WORK REQUIRED:
Go through the entries below and pick out every line with "Certified".
....
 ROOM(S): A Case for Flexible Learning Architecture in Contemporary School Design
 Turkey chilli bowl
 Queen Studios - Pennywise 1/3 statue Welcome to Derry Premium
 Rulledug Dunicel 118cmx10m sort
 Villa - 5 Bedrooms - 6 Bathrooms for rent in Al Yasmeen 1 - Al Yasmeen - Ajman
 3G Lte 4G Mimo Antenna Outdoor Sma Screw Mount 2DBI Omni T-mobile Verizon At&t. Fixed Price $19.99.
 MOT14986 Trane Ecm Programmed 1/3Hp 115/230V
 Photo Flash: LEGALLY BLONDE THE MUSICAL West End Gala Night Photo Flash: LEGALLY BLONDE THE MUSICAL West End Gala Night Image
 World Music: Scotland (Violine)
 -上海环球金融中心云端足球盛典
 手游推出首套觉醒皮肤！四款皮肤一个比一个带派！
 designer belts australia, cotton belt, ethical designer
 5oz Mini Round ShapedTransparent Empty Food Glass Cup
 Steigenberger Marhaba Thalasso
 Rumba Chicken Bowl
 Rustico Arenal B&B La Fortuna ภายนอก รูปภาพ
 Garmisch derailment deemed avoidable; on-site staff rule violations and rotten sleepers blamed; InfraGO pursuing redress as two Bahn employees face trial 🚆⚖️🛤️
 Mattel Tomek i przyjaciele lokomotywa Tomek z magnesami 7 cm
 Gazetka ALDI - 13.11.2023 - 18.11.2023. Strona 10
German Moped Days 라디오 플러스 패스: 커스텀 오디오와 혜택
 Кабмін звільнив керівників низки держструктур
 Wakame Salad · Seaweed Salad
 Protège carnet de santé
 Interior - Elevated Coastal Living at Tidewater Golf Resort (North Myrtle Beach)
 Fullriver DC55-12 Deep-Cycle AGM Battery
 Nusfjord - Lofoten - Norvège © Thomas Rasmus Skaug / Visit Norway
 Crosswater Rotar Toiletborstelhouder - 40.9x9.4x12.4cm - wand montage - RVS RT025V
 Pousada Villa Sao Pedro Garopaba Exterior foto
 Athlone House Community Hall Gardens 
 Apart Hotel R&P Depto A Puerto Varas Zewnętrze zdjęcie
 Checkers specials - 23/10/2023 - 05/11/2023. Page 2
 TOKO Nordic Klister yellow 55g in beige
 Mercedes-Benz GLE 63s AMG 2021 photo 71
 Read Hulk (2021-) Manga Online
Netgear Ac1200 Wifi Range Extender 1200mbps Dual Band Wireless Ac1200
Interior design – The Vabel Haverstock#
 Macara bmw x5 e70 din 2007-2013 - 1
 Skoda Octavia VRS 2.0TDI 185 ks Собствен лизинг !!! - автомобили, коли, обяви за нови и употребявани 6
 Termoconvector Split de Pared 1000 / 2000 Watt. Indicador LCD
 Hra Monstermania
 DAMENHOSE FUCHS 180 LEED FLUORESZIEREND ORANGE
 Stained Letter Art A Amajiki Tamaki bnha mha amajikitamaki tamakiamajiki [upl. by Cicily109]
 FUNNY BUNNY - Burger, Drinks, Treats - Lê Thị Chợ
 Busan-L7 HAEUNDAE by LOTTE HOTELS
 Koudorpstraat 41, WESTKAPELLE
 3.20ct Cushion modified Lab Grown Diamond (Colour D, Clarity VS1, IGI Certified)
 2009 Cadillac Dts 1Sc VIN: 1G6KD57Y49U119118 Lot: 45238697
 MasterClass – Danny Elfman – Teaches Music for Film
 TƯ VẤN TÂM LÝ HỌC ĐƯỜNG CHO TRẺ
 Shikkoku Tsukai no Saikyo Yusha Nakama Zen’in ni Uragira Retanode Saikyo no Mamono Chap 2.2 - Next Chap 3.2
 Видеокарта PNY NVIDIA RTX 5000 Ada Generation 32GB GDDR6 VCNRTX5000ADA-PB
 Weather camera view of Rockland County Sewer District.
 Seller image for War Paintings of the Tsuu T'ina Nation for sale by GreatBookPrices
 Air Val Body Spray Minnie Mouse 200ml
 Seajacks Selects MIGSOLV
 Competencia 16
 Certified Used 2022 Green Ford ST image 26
....
REPLY:
 3.20ct Cushion modified Lab Grown Diamond (Colour D, Clarity VS1, IGI Certified)
 Certified Used 2022 Green Ford ST image 26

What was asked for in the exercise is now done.